Concept albums are difficult things to get right. Most of the best-known examples from the ‘70s ‘rock opera’ heyday – Bowie’s Ziggy Stardust, Alice Cooper’s Welcome to my Nightmare, Meat Loaf’s Bat Out of Hell – really just have a theme. A vibe is created; a journey undertaken. Do they make sense from beginning to end though? Does the story lose a chapter with each song skipped?
There’s equally the risk of sinking your album under the weight of your conceptualizing. Two examples that got it right recently were Coop’s three-decades-overdue sequel, Welcome 2 My Nightmare (the ‘twist’ ending of which is surely one of the greatest moments in the genre’s history) and sometime film director Plan B’s The Defamation of Strickland Banks – the sweet r&b saga of a soul singer’s experiences on remand, while wrongly accused of sexual assault. (‘Traded In My Cigarettes’ is possibly the most gloriously summery song ever recorded about swapping your commissary for a prison shank.) For the form’s peak though, you have to reach back to the era of Red Headed Stranger -Willie Nelson’s exemplary, genre-hopping, 34-minute concept album of betrayal, murder, sorrow and salvation – and it’s to Nelson’s home of the lone star state that Huck returns us.
June 12th marked the full fruition of something long-coming for Oxford. While Huck has been performing songs and extracts from the project around town for years, this PinDrop Production was the city’s first chance to see the full stage performance of all three acts of Alexander the Great. Billed as a ‘queer Dixie runaway myth folk operetta’ (and if that doesn’t get you going, what’s wrong with you), Alexander is a deep south coming-of-age rock opera, following 15-year-old Alexander on a journey through rebellion, drugs, sexuality and police custody.

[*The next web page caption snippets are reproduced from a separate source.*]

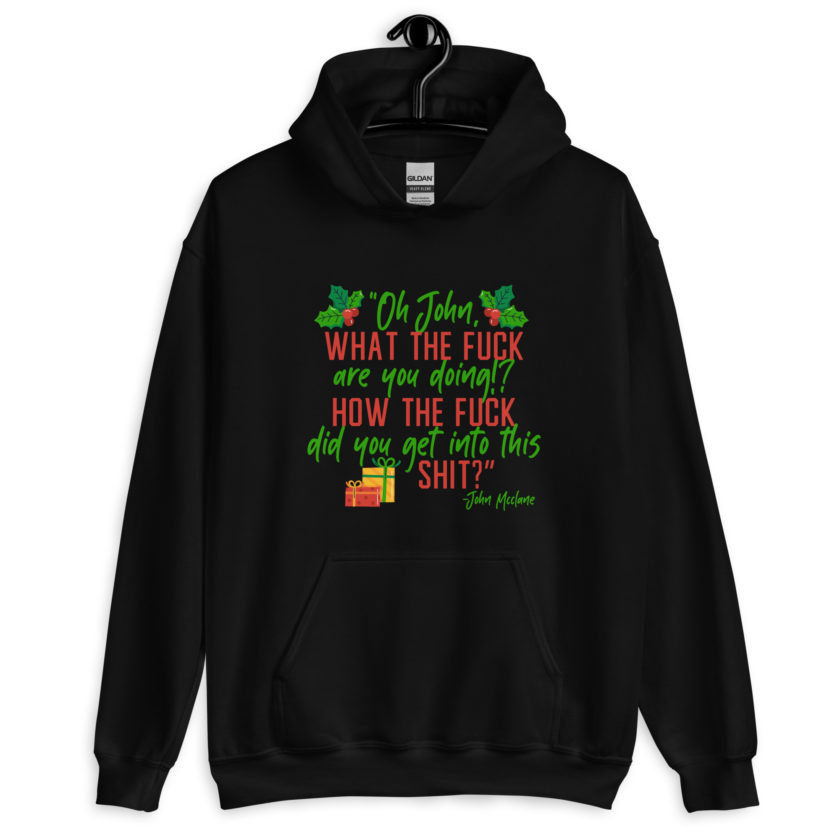 Oh, John, what the fuck are you doing? How the fuck did you get into this shit? -John Mcclane, Die Hard Unisex Hoodie - Image 2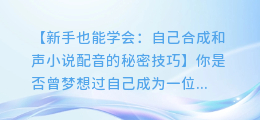 新手也能学会：自己合成和声小说配音的秘密技巧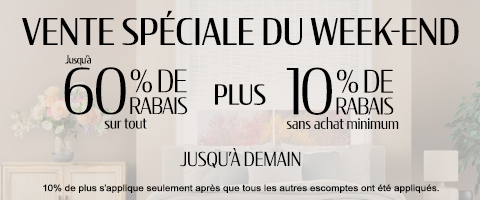 Jusqu'à 60% + 10% de rabais supplémentaire sur tout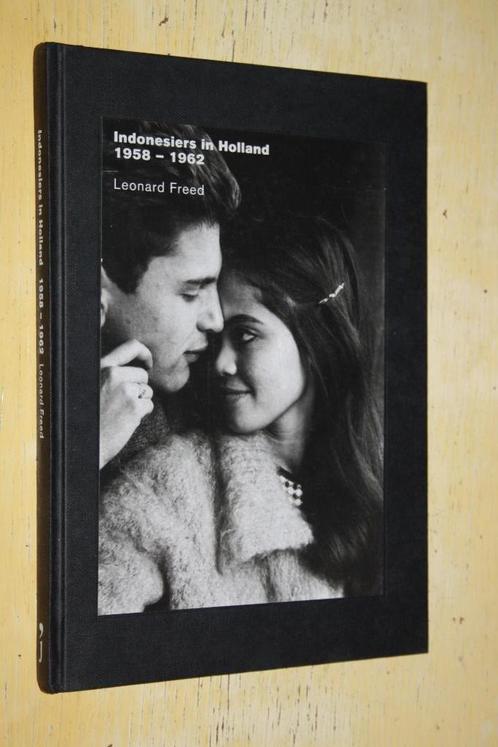 Leonard Freed Indonesiers in Holland 1985 1962 Floor Wesseli, Boeken, Kunst en Cultuur | Fotografie en Design, Gelezen, Fotografen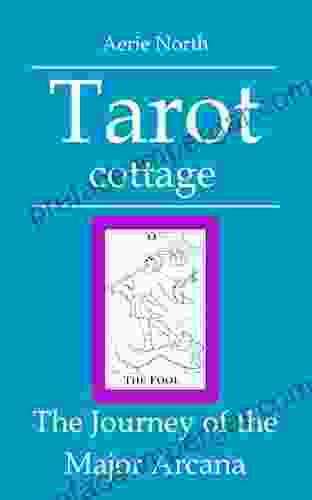 Tarot Cottage: The Journey Of The Major Arcana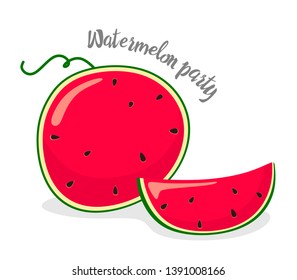Juicy and cartoon watermelon with handwriting. Vector and bright watermelon isolate on white background
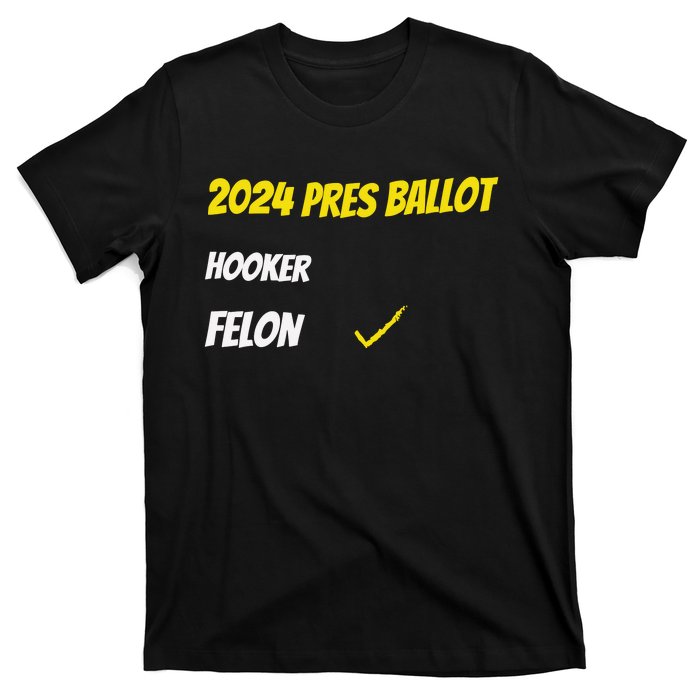 2024 Pres Ballot Hooker Felon T-Shirt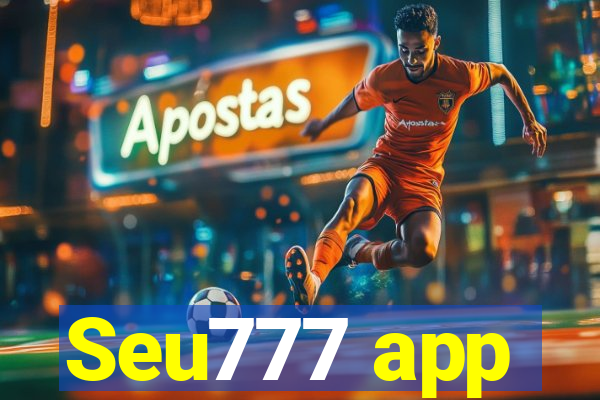 Seu777 app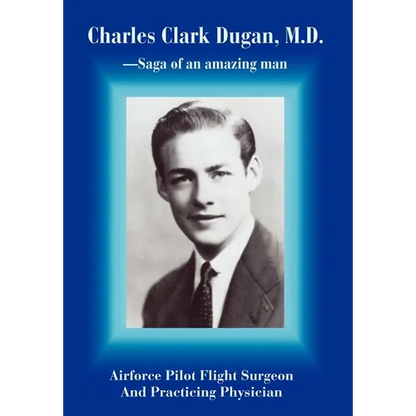 Charles Clark Dugan, M.D.: Airforce Pilot Flight Surgeon And Practicing Physician - Hardcover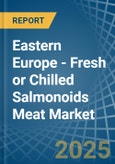Eastern Europe - Fresh or Chilled Salmonoids Meat - Market Analysis, Forecast, Size, Trends and Insights. Update: COVID-19 Impact- Product Image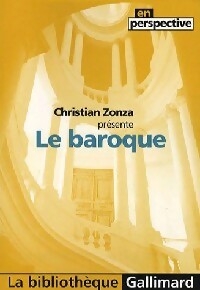 Le baroque - Christian Zonza -  La Bibliothèque Gallimard - Livre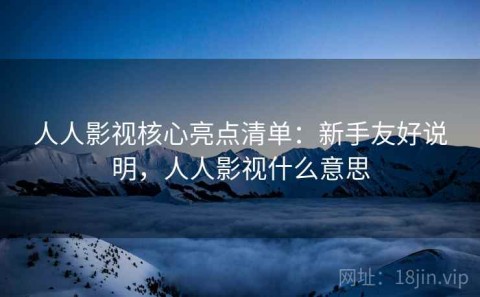 人人影视核心亮点清单：新手友好说明，人人影视什么意思
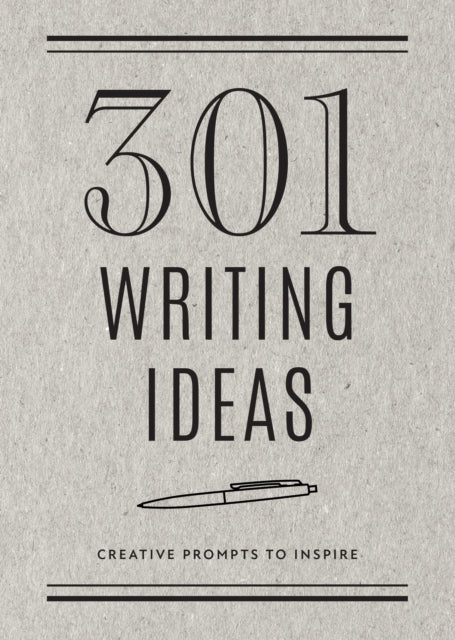 Book cover of: 301 Writing Ideas -  Second Edition. By: Editors of Chartwell Books
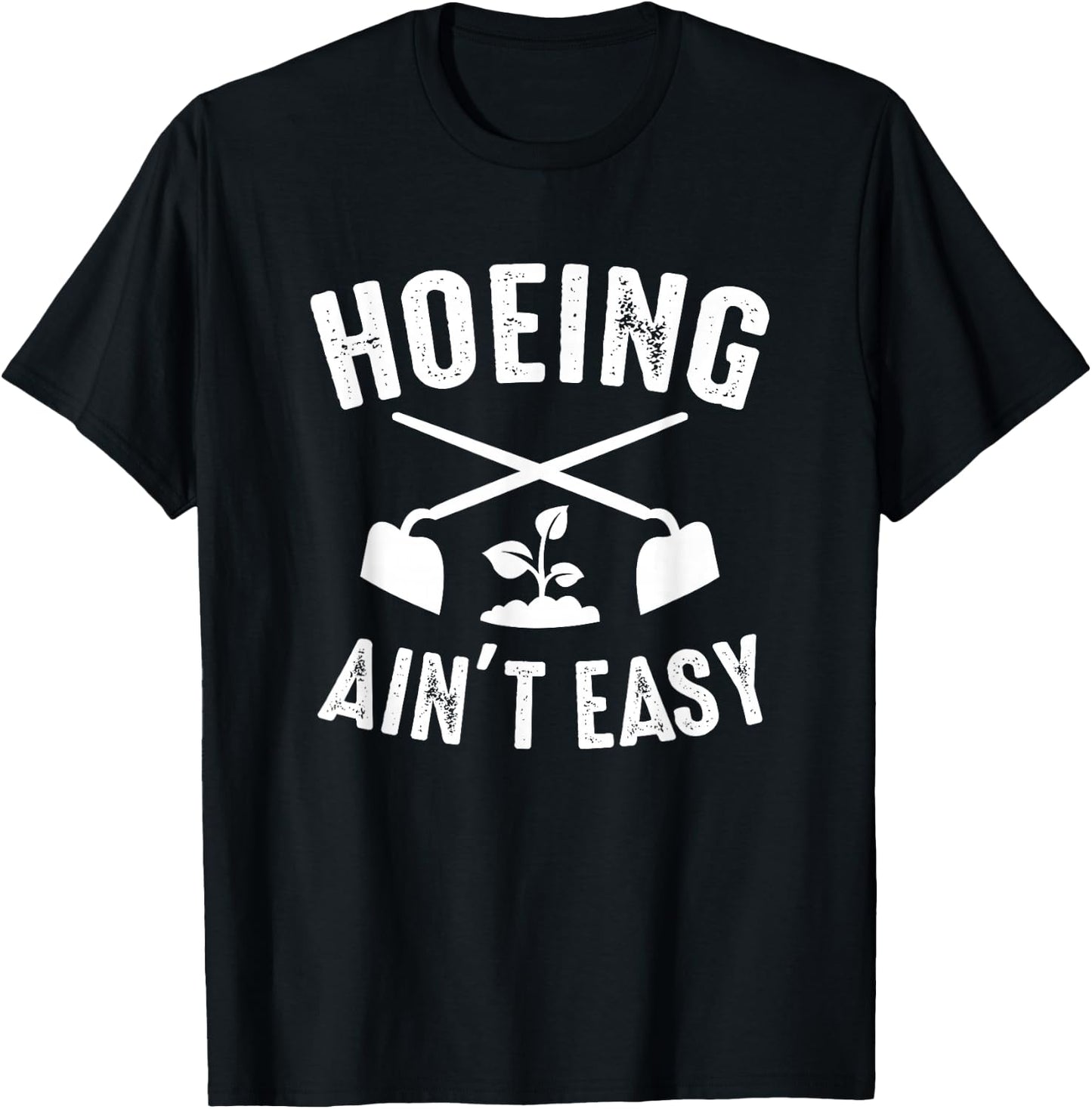 Gardening Garden Hoeing Ain't Easy T-Shirt - T-Shirt | Black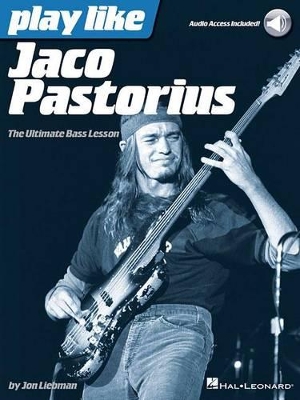 Play Like Jaco Pastorius The Ultimate Bass Lesson Book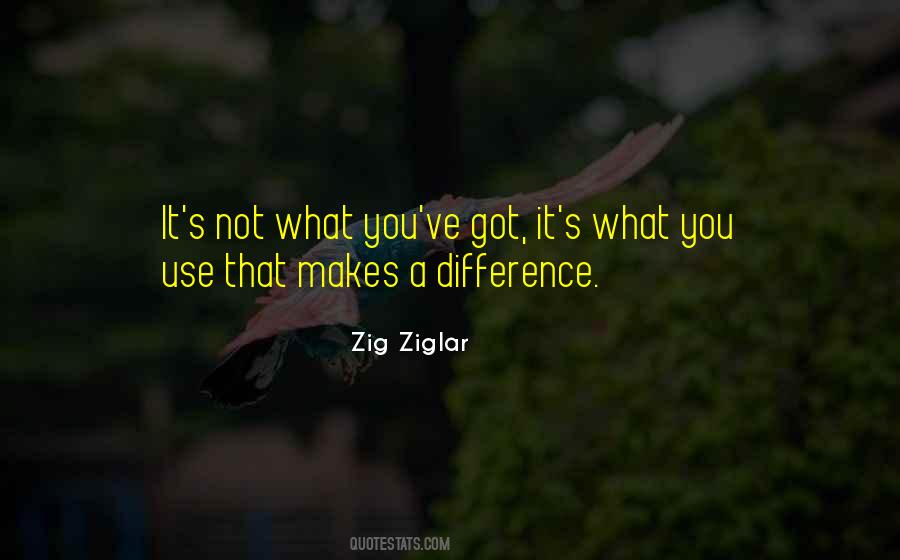 One Who Makes A Difference Quotes #51125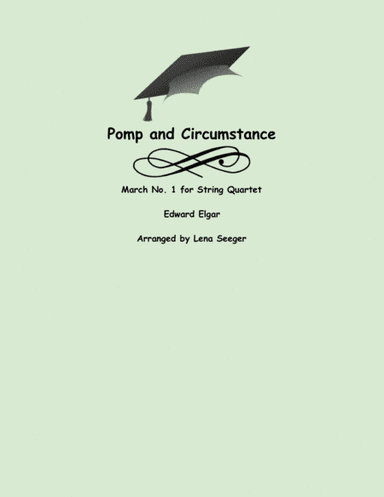 Pomp and Circumstance (arr. Lena Seeger)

As the lights dim, Humphrey ‘Huck’ Astley takes the stage, a rail-thin marionette, all purest white and Kramer hair. Behind him, the Xander Band, in bolo ties and uniform short-sleeved black shirts, lie somewhere between shit-kicking bar band and surly strippergrams. Simple touches, but these are the things from which Alexander the Great generates such a potent, involving atmosphere.
The plaintive opening call ‘I was a bored little boy…‘ leads us into ‘Alex’, and the woozy naivety of our hero’s restless, religious Texan upbringing. It’s with the ascending tribal thump of ‘The Ancient Greeks’ though – and the arrival of the “half-Caddo Indian kid” Johnny Crow – that the adventure begins; Johnny leading Alex to get stoned in the library as a vast projection of a crow towers over the stage. The show’s video backdrop, by Matt Halliday and Ryan Quarterman, adds a lot. One of the show’s main strengths is Huck’s refusal to break character – there’s no between song chatter; his performance holding Alex’s earnestly wide-eyed curiosity – and the visuals emphasise the momentum; the continuous stream of images flitting from road movie speed perpetual motion to swirling, cycling eddies of contemplation.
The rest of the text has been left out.